Course pages 2018–19

Machine Learning and Real-world Data

Examinability of material for MLRD

All material which is examinable can be found in the slides, in the ticks or in the additional notes. This material is all linked from the Moodle site. The slides, practical notes and additional notes are also available from this page. Materials will become available shortly before each session.

In some cases, students are asked to read additional material, such as some parts of the Easley and Kleinberg textbook. This is explicitly noted on the slides where the concepts are examinable.

Of course, it may also be necessary for students to read additional material in order to fully understand the material presented: you should ask your supervisor for help if you think this applies to you and are uncertain about what to read.

It is not necessary to do the starred ticks for the exams. However, looking at the material for the starred ticks may well help you understand material more thoroughly.

Material introduced in catch up session lectures is not examinable.

For fairness, the lecturers will not answer any individual questions about whether material is or is not examinable.

Supervision Questions

There are 4 question sets here.

Course Outline

The main teaching for the course is being done via Moodle. However, various material is also available via this site. pdf versions of all notes are available here, for ease of printing.

The course has 16 sessions. Each session will have a short introductory lecture, followed by a two hour practical session.

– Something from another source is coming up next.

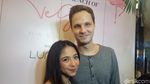 Tasya Kamila, Iko Uwais hingga Bowo Alpenliebe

For most of these practical sessions, there is a `task' (with associated tick), but there are 4 sessions which are purely for catch up.

Students are expected to attend the practical sessions in the Intel lab, but may skip the catch up sessions if they have completed the work and obtained all their ticks up to that point.

The schedule may change in response to events, but any such changes will be announced on the Moodle forum.

Topic One: Statistical classification (7 sessions)

Session 1: Introduction to sentiment classification
Session 2: Naive Bayes Classifier
Session 3: Statistical laws of language
Session 4: Statistical testing
Session 5: Overtraining and cross-validation
Session 6: Uncertainty and human agreement
Session 7: Catch up 1 : Quick introduction to some other classifers
- Slides

Topic Two: Hidden Markov Models (4 sessions)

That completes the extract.